Dan Kraker / MPR News

The proposal also promises tantalizing economic benefits, including more than 1,000 permanent jobs and upwards of 3,500 construction jobs. That's three times the number of jobs the PolyMet mine would create.

McFarlin said the rich deposits could potentially support over a century of mining. But those benefits aren't enough to win over critics like Ely resident Becky Rom, who said mining development in the region would mar a bucolic vacationland.

"Instead of being in the middle of a well-managed national forest, with clean water, and wonderful swimming and fishing, dark skies, they would be in the middle of an industrial place," she said.

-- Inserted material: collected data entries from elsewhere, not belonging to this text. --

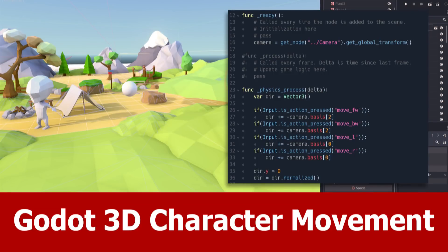Hi guys, here is JNM again with the next Godot tutorial and this one is about 3D character movement.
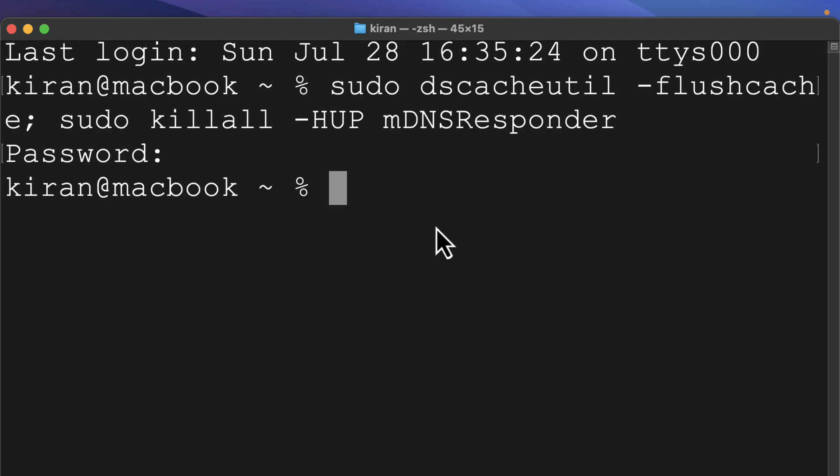So why are we doing this? Every time you visit a website, your Mac saves the IP address in a DNS cache. This makes things faster when you revisit the site, but sometimes this cache can get outdated or corrupted, causing issues. Flushing the DNS cache deletes the old records and forces your Mac to get updated info.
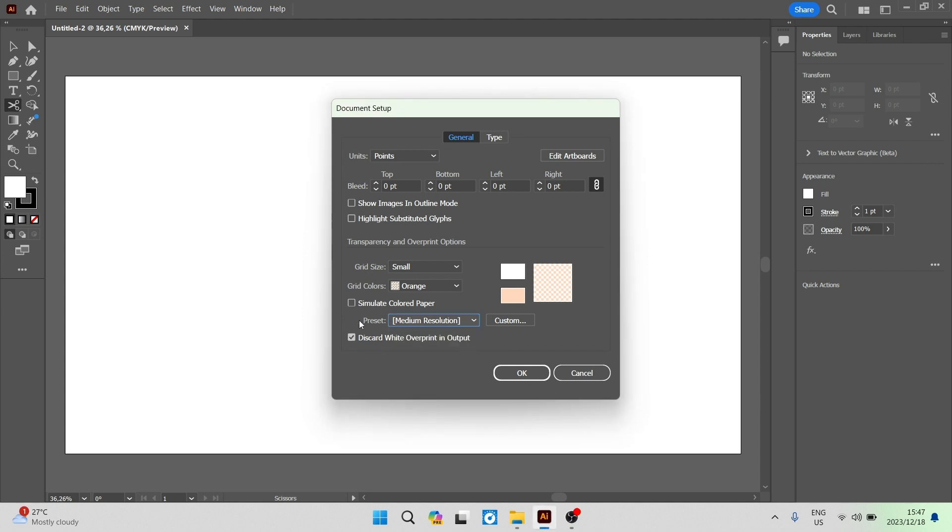You have the simulate colored paper and discard white overprint in output. You can see that this is what your canvas is going to look like, and you can change those colors individually.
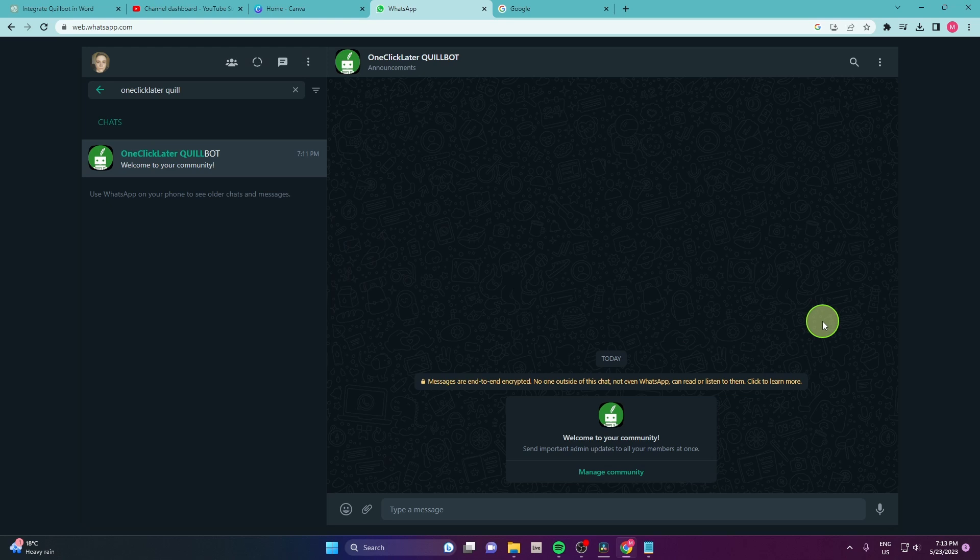In this video I'm going to show you how to add Quillbot or install Quillbot in WhatsApp. So let's get started.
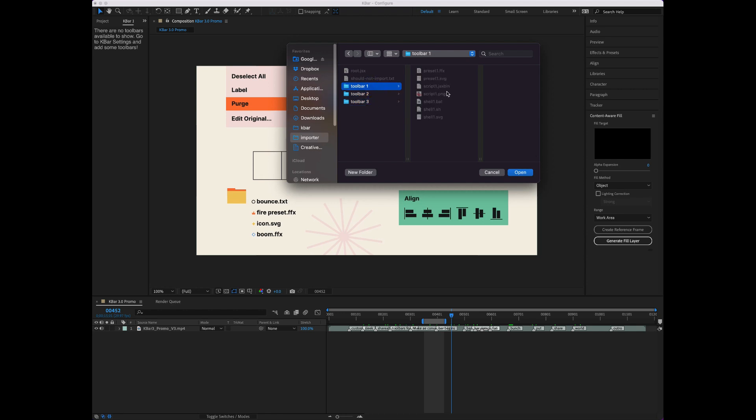It'll automatically pick up scripts, presets, and shell commands, but skip over anything that it doesn't recognize, like a text file. If there's a PNG or SVG icon with the exact same name, it'll automatically pick that up as the icon.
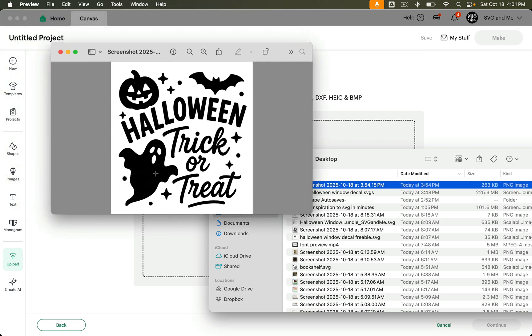Hey there. So let's say that you have this design that you want to cut with your Cricut. Well how would you go about doing that?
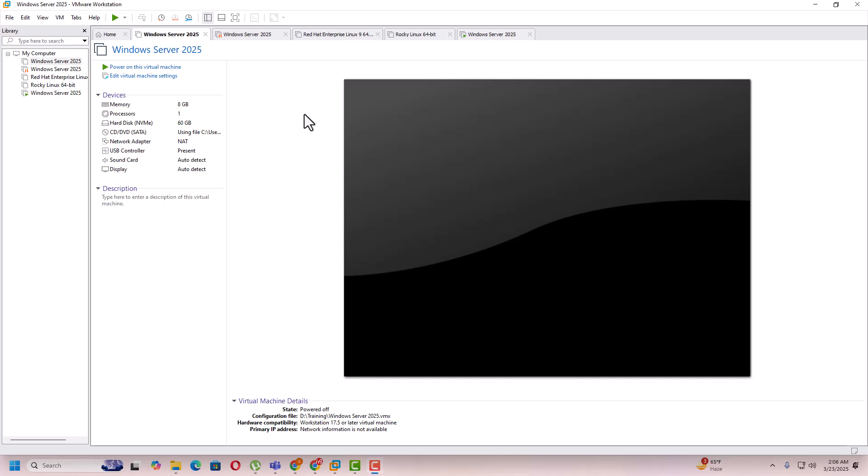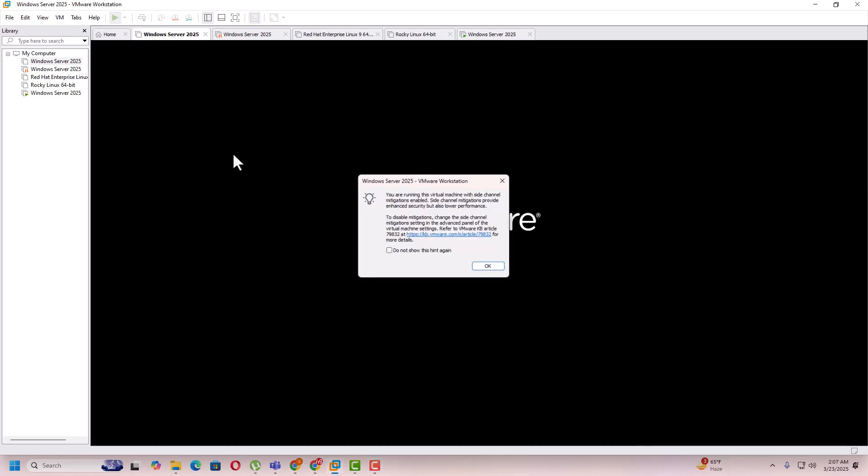Hey friends, today in this video I'm going to explain the side channel mitigation issue on VMware Workstation. Sometimes you have heard about this notification while powering on your virtual machine on VMware Workstation. This is the message that you are getting.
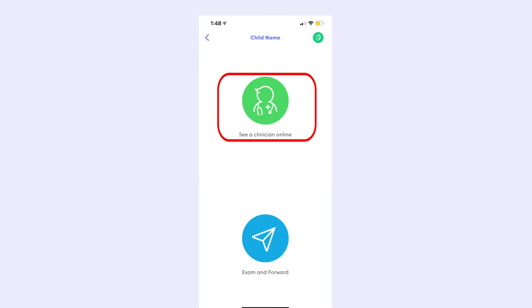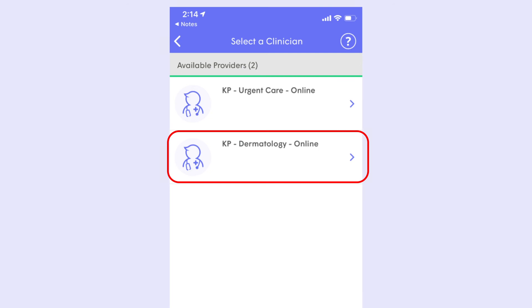Then select Your Clinician. Once you click your provider, a virtual waiting room will appear on the screen. Continue waiting in the virtual waiting room until your provider appears on the screen.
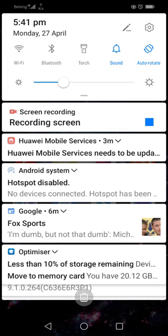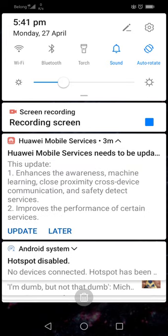Okay, I wanted to try and record that. I can't get a screenshot of it. It's telling me it needs to be updated, and that the update enhances the awareness, machine learning, close proximity cross-device communication, and safety detect services.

Rom said that could harm more than two dozen resorts and businesses like Wintergreen Dogsled Lodge, which caters to 500 tourists every winter.

A 24-7 mining operation — even one largely underground — would bring noise, bright lights and heavy truck traffic, said Paul Schurke, the lodge's director.

"People come here for the solitude, for the peace and quiet, and for the beauty of the North Woods," he said. "All that is at threat."

Kerry Davis believes the mines can operate safely.
Kerry Davis, owner of White Iron Beach Resort near Ely, believes Twin Metals can mine copper and other metals safely. "No one's objective is to pollute the water, pollute the area," he says.
Dan Kraker / MPR News

But other resort owners support the possibility of mining. "I think it can be done safely," said Kerry Davis, owner of White Iron Beach Resort downstream from Schurke's lodge. A thriving mining operation, Davis said, could help Ely "get back to where we were, so it's a thriving community where we can raise families."

Copper-nickel mining skeptics like Schurke and Rom also oppose the proposed PolyMet project farther south. But they say Twin Metals is different, because potential water pollution would flow not into the St. Louis River, but past Schurke's lodge on White Iron Lake, and into the pristine lakes and rivers of the Boundary Waters.

"They're entering the holy of holies when they cross that line and go into the Boundary Waters watershed," Shurke said.

Twin Metals proposes shipping a portion of its leftover mine tailings to a new facility across the Laurentian Divide, in the Lake Superior watershed.

McFarlin, Twin Metals spokesman, said that largely aims to put the tailings closer to an active mining operation and to reduce wetland impacts. But he acknowledges the watershed issue has become contentious.

"That is of interest to a number of people, in reality regardless of where the tailings facility is, it would have to meet state and federal water quality regulations," he said. "If it were in the Boundary Waters Rainy River watershed, it would meet those regulations and standards. If it's in the Great Lakes watershed, it's going to have to meet those standards, and will do so."

Twin Metals is still about two years away from developing a specific mine proposal to submit for environmental review.

But its location just a few miles north of PolyMet, in a different watershed, could prove critical, Rom said.

"This type of mine, immediately upstream of America's most popular wilderness, causes us great concern," she said. "It's the wrong activity, in the wrong place."